A reading above 50 indicates expansion and a reading below 50, contraction.
The weaker expansion was attributed to slower overall factory output and lower employment, although new orders and new exports posted marginal improvements, said the Singapore Institute of Purchasing and Materials Management (SIPMM) in its media release.
Both the manufacturing inventory and finished goods recorded a faster rate of expansion amid a faster rate of supplier deliveries, SIPMM said.
The index for manufacturing employment continued to post contraction readings since November 2014, it added.
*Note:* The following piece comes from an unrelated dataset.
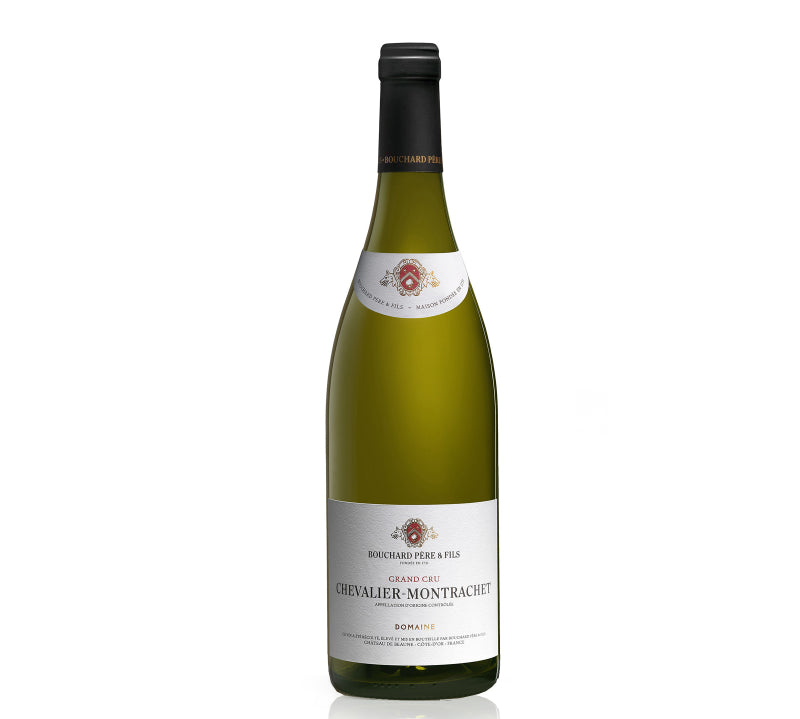 Bottle of Bouchard Pere & Fils Chevalier Montrachet Grand Cru white wine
ELECTRONICS SECTOR POSTS FASTER RATE OF EXPANSION
The electronics sector continued its expansion for the third month at 50.8, an increase of 0.5 point from September. This was attributed this to a continued expansion reading for new orders, new exports and factory output.
The index for electronics inventory posted an expansion reading, and the finished goods index posted a faster rate of expansion, according to SIPMM. The electronic imports index recorded an expansion for the seventh month at a faster rate, while the input prices index for the electronics sector reverted to a contraction after recording a moderate reading in September.
October’s PMI marks the second consecutive month of expansion after 14 months of contraction.
Looking ahead, DBS economist Irvin Seah said all factors are pointing to a gradual improvement in the manufacturing sector.
“But do not expect the improvement to be drastically strong … because there are still pockets of risk in the global environment. We are seeing better labour market numbers from the US, which will essentially translate into stronger consumption growth from the US, but at the same time, the structural slow down in China is still ongoing,” he said.